[Source data]
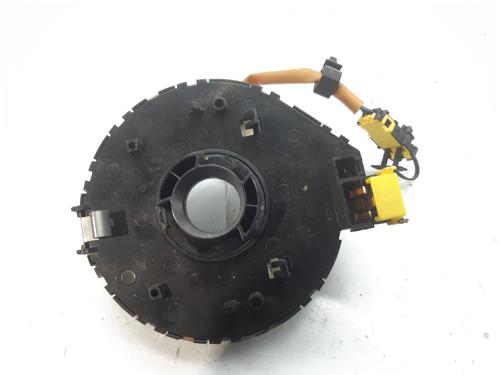 Squib airbag HYUNDAI GETZ (TB) 1.1 | BP9586065C102 
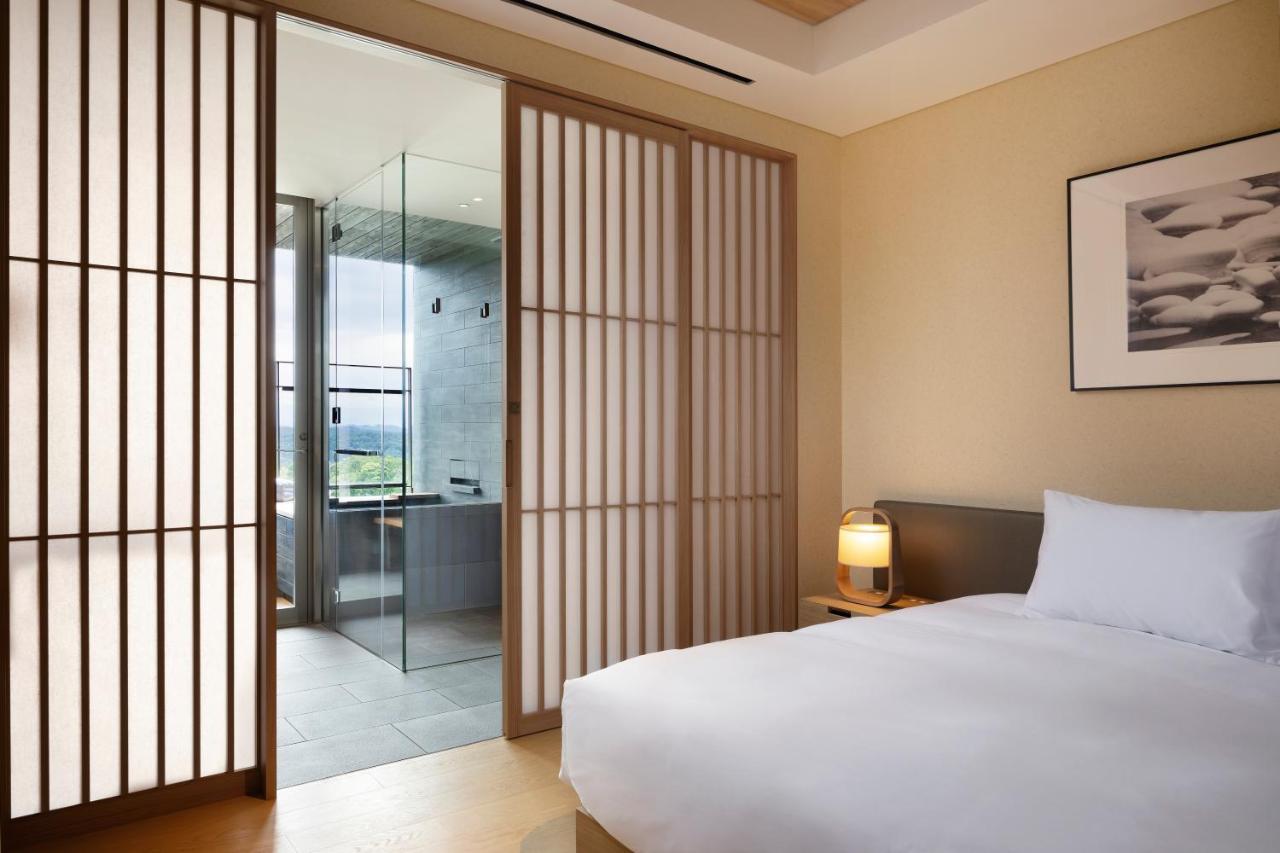 Hotel Setsu Niseko Kutchan Zewnętrze zdjęcie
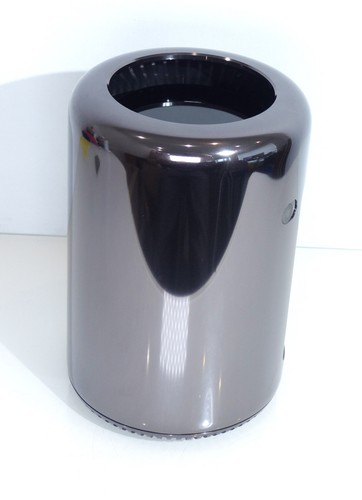 Apple mac pro - mac, 2013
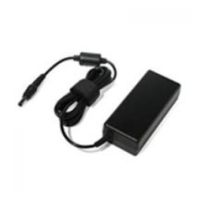 Toshiba AC Adapter, 19V DC, 3.42A, 65W 3-Pin power adapter/inverter Black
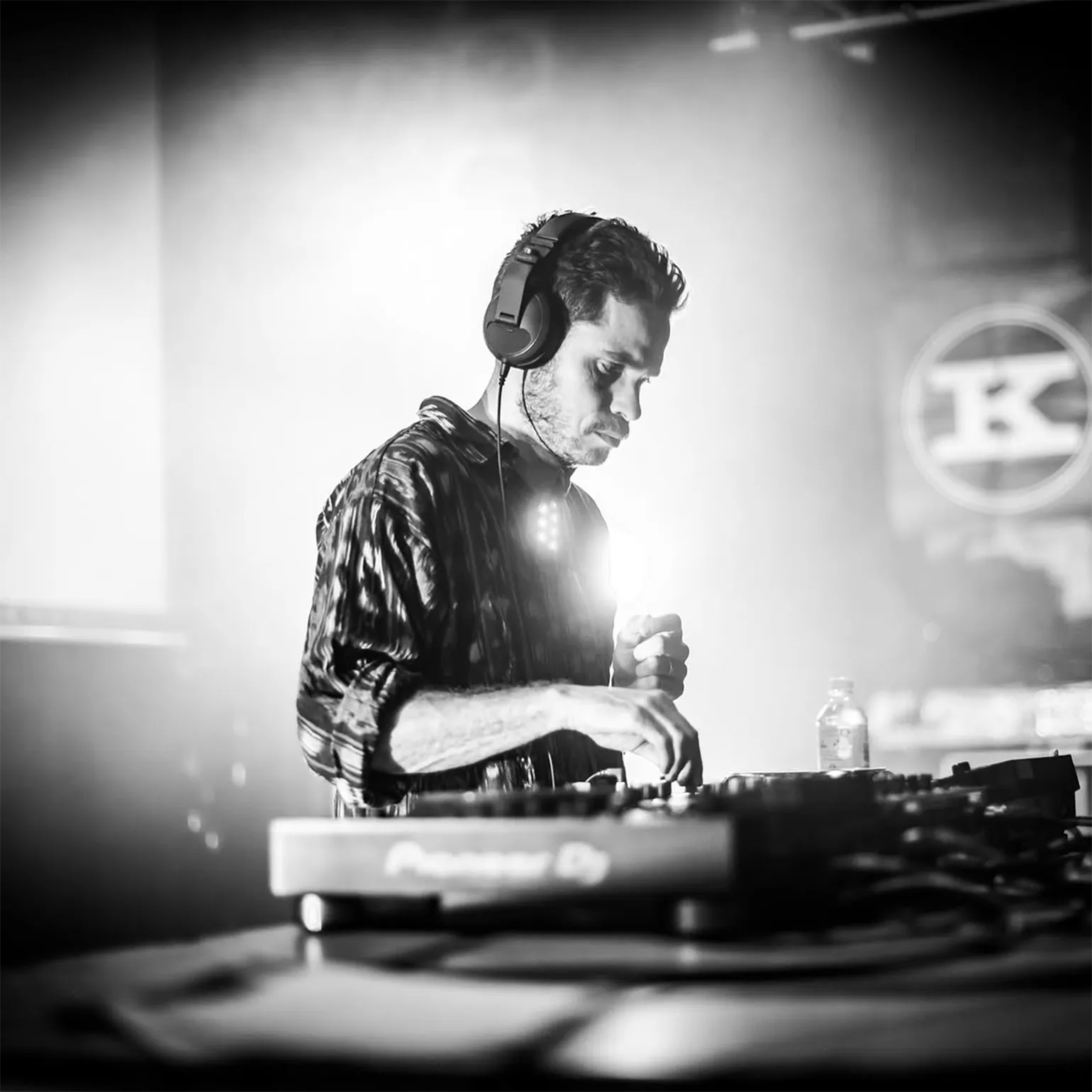 chancha-via-circuito-dj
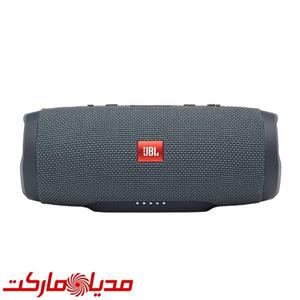 اسپیکر قابل حمل جی بی ال مدل JBL Charge Essential 2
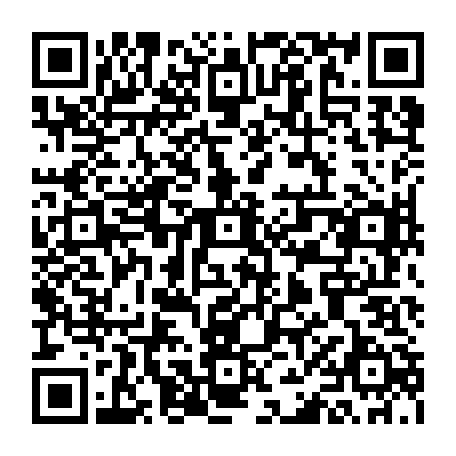 vCard 79092228528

[Description of the task]
Without any pictures, restate word for word only the lines from the one with "اسپیکر قابل حمل" through the end of the listing.

[Written solution]
 اسپیکر قابل حمل جی بی ال مدل JBL Charge Essential 2
 vCard 79092228528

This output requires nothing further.